Saturday, March 26, 2005

Taste test: New Concept

We tried to get to New Concept for dim sum several weeks ago, before the Chowhounds and the L.A. Times tried it. But circumstances intervened, and it didn't happen until this weekend. At noon Saturday, the wait turned out to be well over an hour, so I was about ready to pass out when we finally sat down. A waiter passing by with a plate of small fried fish asked if we wanted some, and I fell upon them voraciously in hopes of stabilizing my blood sugar enough to parse the menu. The fish could have been a bit hotter, but were nicely fried, exactly like an Italian fritto misto, with a sprinkling of fresh chiles.
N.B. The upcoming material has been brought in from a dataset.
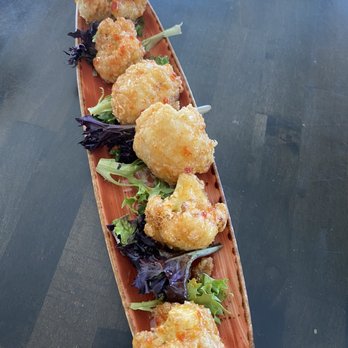 NC Coast Grill & Bar - GO-GHO Cauliflower - New American Near Me - Kitty Hawk, North Carolina NC Coast Grill & Bar - GO-GHO Cauliflower - New American Near Me - Kitty Hawk, North Carolina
Among the dishes we sampled were abalone mushroom dumplings -- earthy and pleasantly chewy, but we pressed the vinegar from the Shanghai dumplings into service as a dipping sauce. The Shanghai dumplings -- the ones with the soup inside -- were very gingery. Pan fried turnip cake with spicy x.o. sauce didn't excite me too much; we were happier with shark's fin dumpling, in which a beautifully green rice dough wrapper enclosed a filling of shrimp topped with a small piece of shark's fin and some red roe.

The hollow vegetable with fermented bean curd sauce was Chinese spinach with a really flavorful sauce which tasted like a combination of tahini, mayonaise and chilis, definitely a hit. The traditional bbq pork bao were light and fresh. One of my favorites was the panfried scallops and taro cake, which was a flat, square cake of peanuts and scallops held together with taro root and fried until crispy. Very nice flavor, but again, even better with a dab of the fermented bean paste sauce. For dessert, the green tea flavored dumplings didn't taste that much of green tea, but the black sesame paste filling kind of grew on me; and the egg custard tarts were flaky and eggy in the best possible way.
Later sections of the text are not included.